Would you repeat word for word the lines of the listing that follows, from the one with "Gentenaar scoort op" up to and including the one with "Mr. Muggs Rides Again Movie Streaming Online", and leave out the images?

Data records:
......
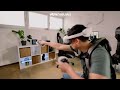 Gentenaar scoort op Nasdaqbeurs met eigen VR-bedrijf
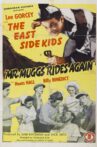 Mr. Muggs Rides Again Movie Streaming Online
......
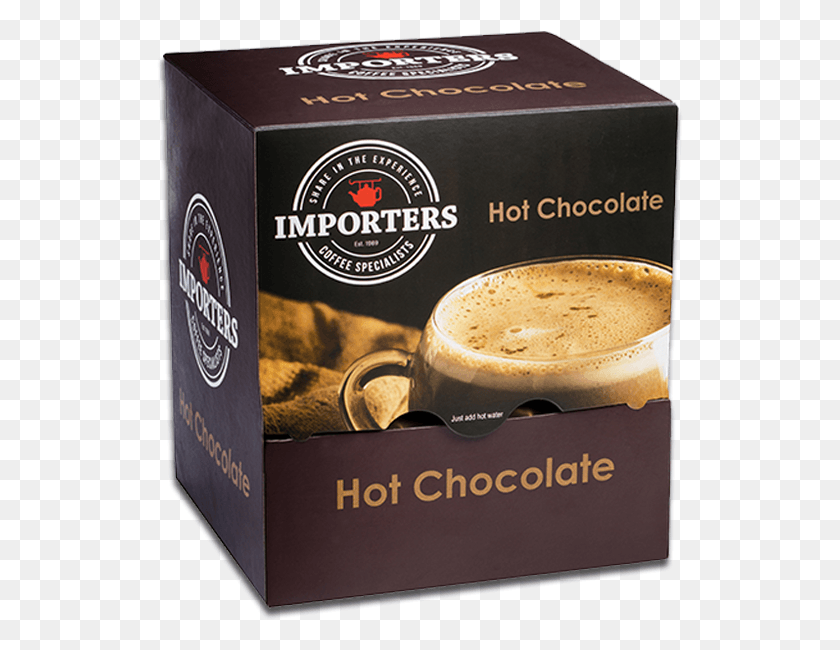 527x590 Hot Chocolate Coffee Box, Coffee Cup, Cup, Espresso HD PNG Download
......
Output for this exercise:
 Gentenaar scoort op Nasdaqbeurs met eigen VR-bedrijf
 Mr. Muggs Rides Again Movie Streaming Online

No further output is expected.